[Beowulf] MPI application benchmarks

Mon May 7 23:38:34 PDT 2007

Robert G. Brown wrote:
> Perhaps fortunately (perhaps not) there is a lot less variation in
> system performance with system design than there once was.  Everybody
> uses one of a few CPUs, one of a few chipsets, generic memory,
> standardized peripherals.  There can be small variations from system to
> system, but in many cases one can get a pretty good idea of the
> nonlinear "performance fingerprint" of a given CPU/OS/compiler family
> (e.g. opteron/linux/gcc) all at once and have it not be crazy wrong or
> unintelligible as you vary similar systems from different manufacturers
> or vary clock speed within the family.  There are enough exceptions that
> it isn't wise to TRUST this rule, but it is still likely correct within
> 10% or so.

I agree that this rule is true for almost all codes ... that are 
perfectly in cache and that do not try to benefit from specific 
optimisations.

HPC codes however are always pushing the limits and this means you will 
always stumble on some bottleneck somewhere. Once you removed the 
bottleneck, you stumble on another. And every bottleneck mask all others 
  until you remove it.

E.g. it was already mentioned in this thread that one should not forget 
to pay attention to storage.
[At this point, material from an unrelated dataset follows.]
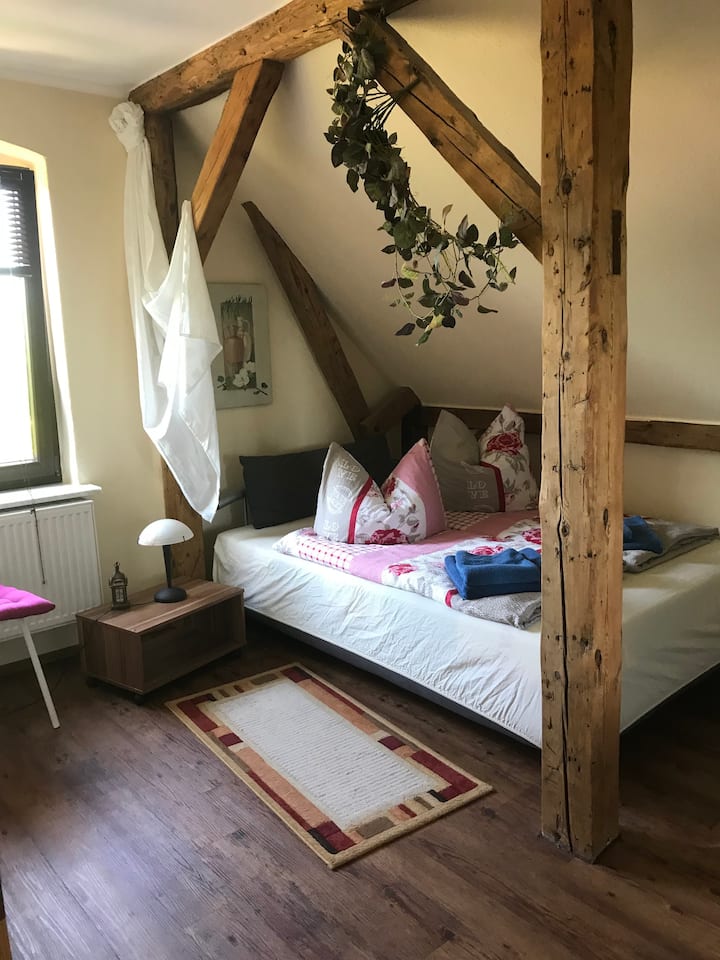 Schlafzimmer 2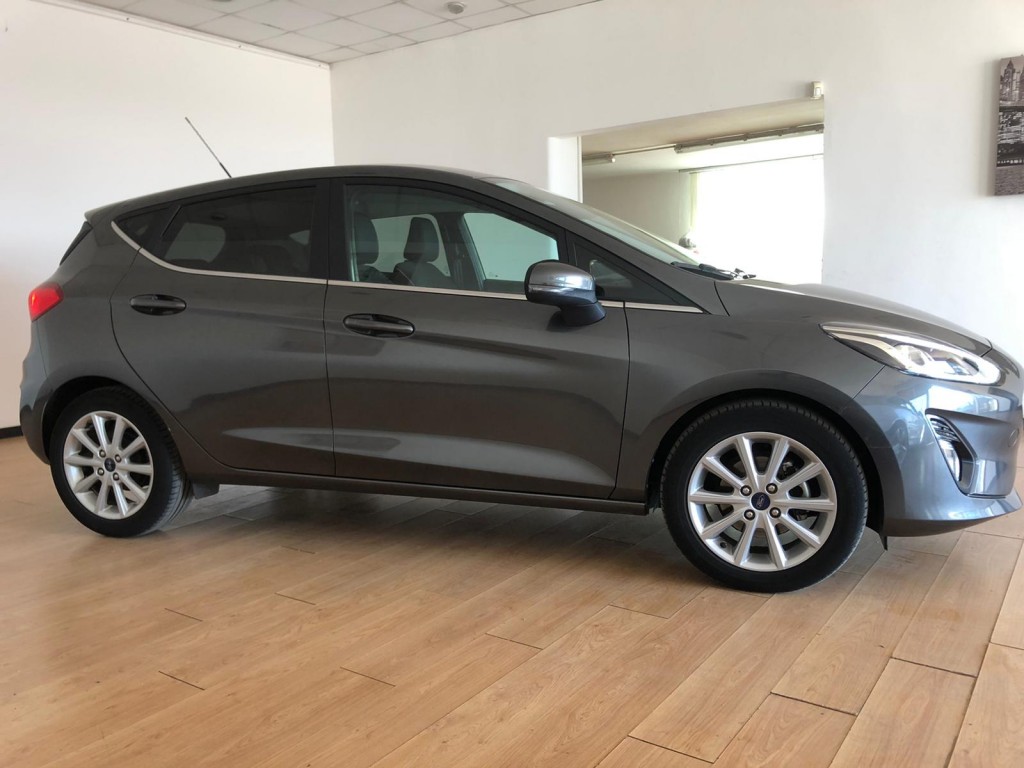 VENDUTA  ..............FORD FIESTA 1.5 TDCi 5 porte Titanium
However often people run parallel codes 
with each process performing heave IO without an adapted storage system.

Or another example, GotoBLAS is well known to outperform netlib-blas. 
However, in an application calling many dgemm's on small matrices (up to 
50x50), netlib-blas will _really_ (i.e. a factor 30) outperform GotoBLAS 
(because GotoBLAS 'looses' time aligning the matrices etc. which becomes 
significant for small matrices)

toon